I'm trying to send a message with non ASCII characters by socket using python 2.7 (inside a C++ program called QGIS) to a windows machine. The following code works well using a linux client machine, but does not work if I use a Windows client machine. Needless to say that I must make it work on both systems...
# -*- coding: utf-8 -*-
import socket
# message with non ASCII characters
message = u'Troço'
s = socket.socket(socket.AF_INET, socket.SOCK_STREAM)
s.connect(('192.168.1.69',9991))
s.send(message)
s.close()
Like I said before, this works well in a linux machine, and the unicode reach the socket receiver with the right message. But, if I use it on a Windows machine I get a UnicodeDecodeError:
UnicodeDecodeError: 'ascii' codec can't decode byte 0xc3 in position 4: ordinal not in range(128).
I have read several pages and answers on this topic:
- Sending UTF-8 with sockets
- https://docs.python.org/2/library/socket.html#socket.socket.recv
- How to handle Unicode (non-ASCII) characters in Python?
They all seem to say that I must encode my unicode basestring message to a string before sending it, but, if I replace line 11 by the following:
s.send(message.encoding('utf-8'))
Although I don't get any error message neither in windows nor in linux, the received message looks weird on that particular character, which make me think that it was uncorrectly (or double) encoded somewhere, and it can only be inside the send() method.

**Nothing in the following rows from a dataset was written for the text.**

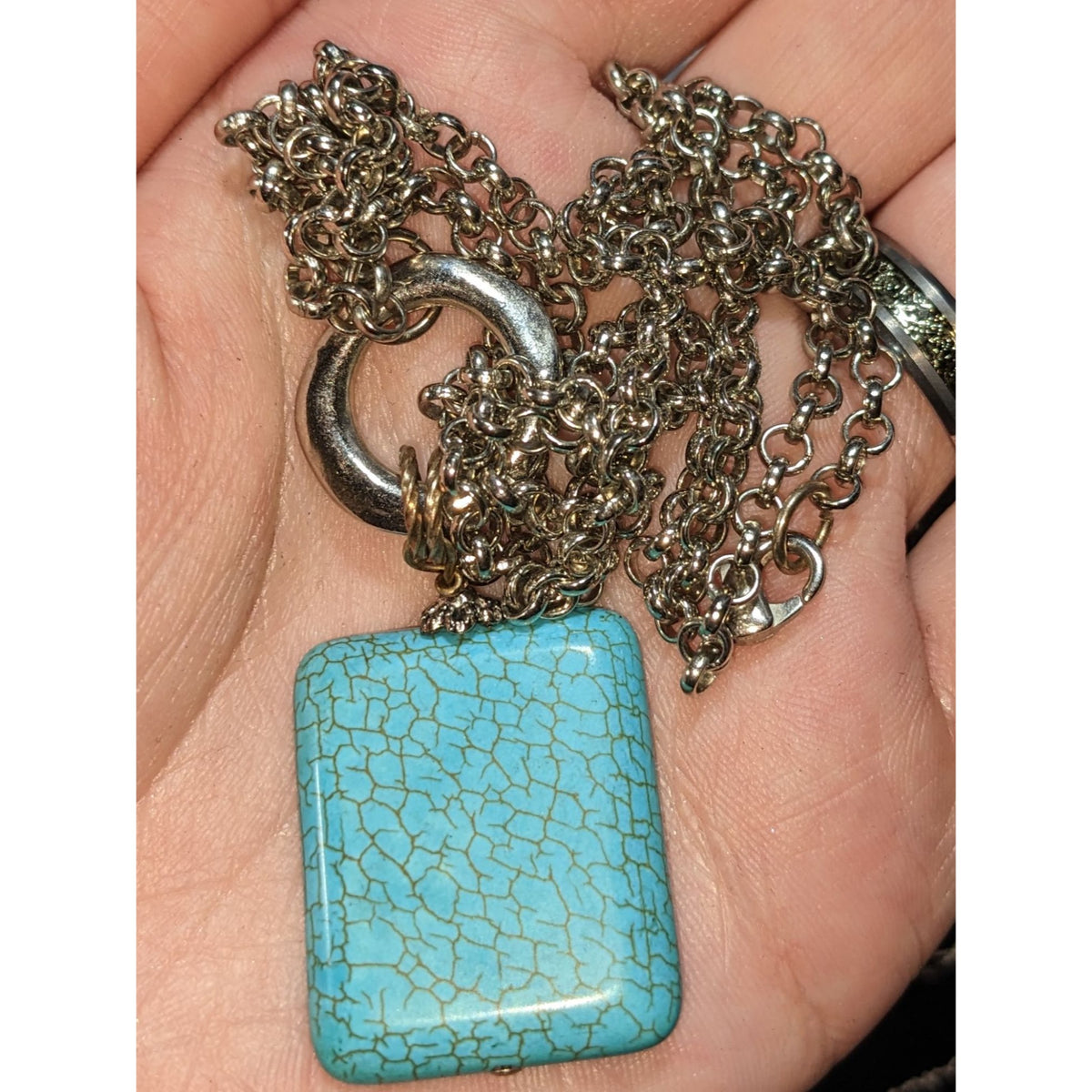 Southwestern Boho Faux Turquoise Blue Silver Tone Pendant Necklace 26 Inch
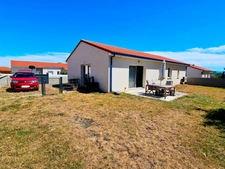 Villa de plain pied 94 m² -  3 chambres -  garage -  jardin à Vertaizon 63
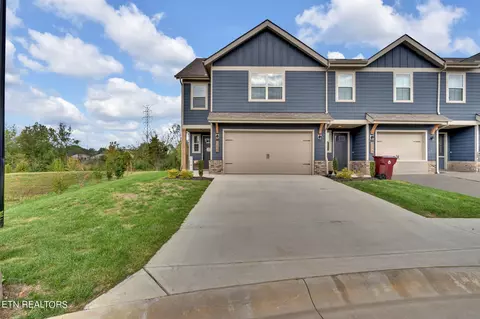 1622 Mountain Quail Cir, Maryville, TN 37801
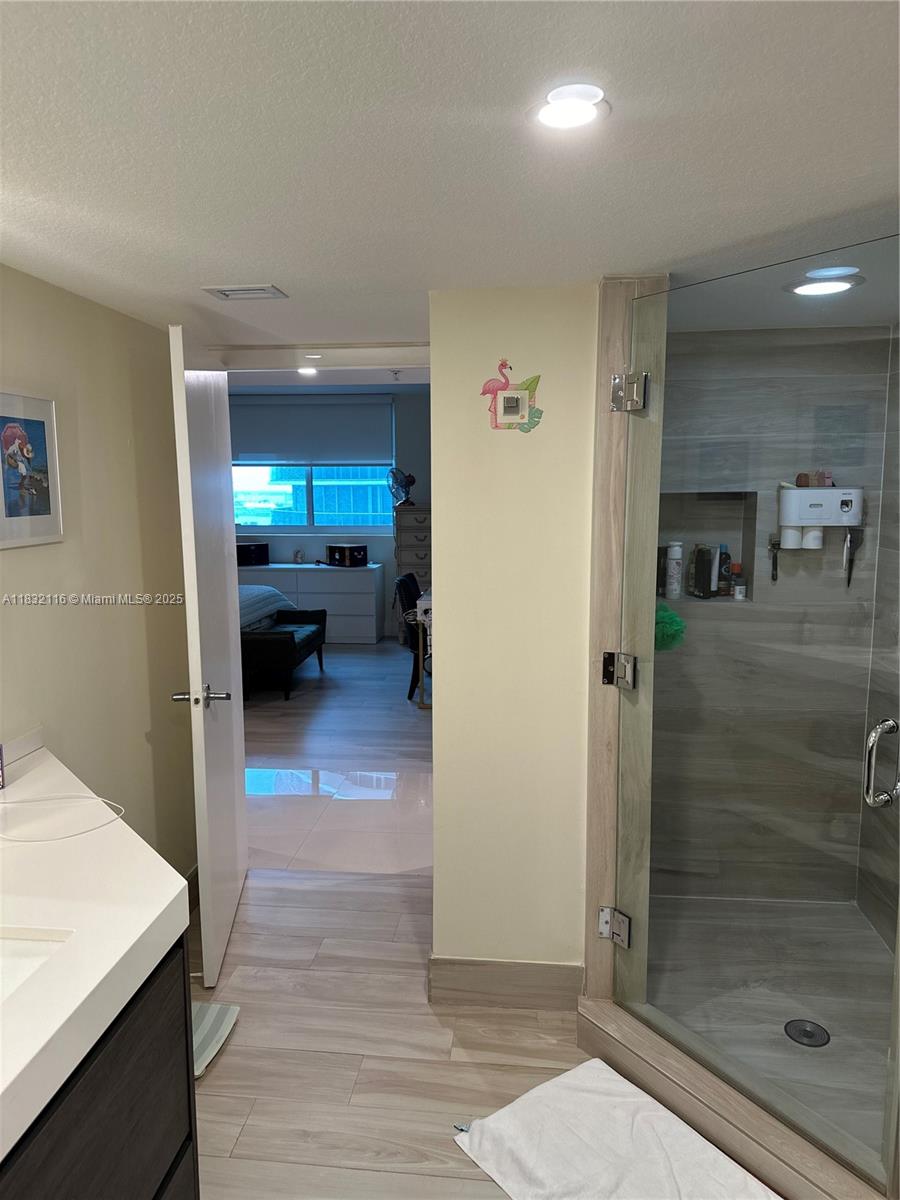 1800 N Bayshore # 2011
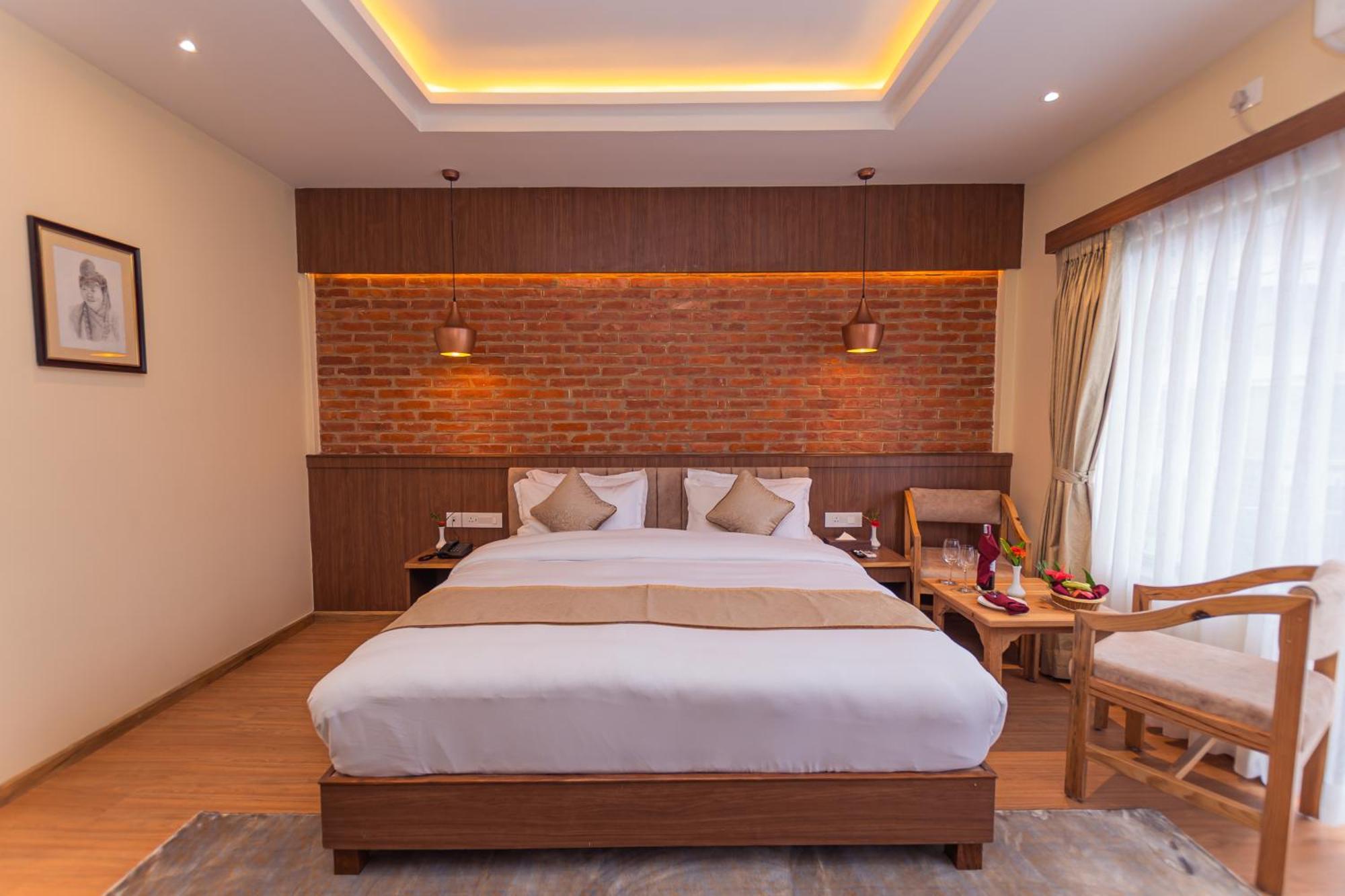 Temple Himalaya Hotel & Spa โพคารา ภายนอก รูปภาพ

Which makes me thing: Is socket.send() method affected by the operating system or even the operating system default encoding?
UPDATE: Problem solved
The "problem" laid on the receiving code. I have had no access to it, but, after several tries, I realized that it expects an utf-16 encoded message. That's why sending a utf-8 message gave bad results. Therefore, changing line 11 did the trick:
s.send(message.encoding('utf-16'))
I still have no clue on why sending an unicode message worked on linux, but not on windows, but it does not matter, all makes a bit more sense now.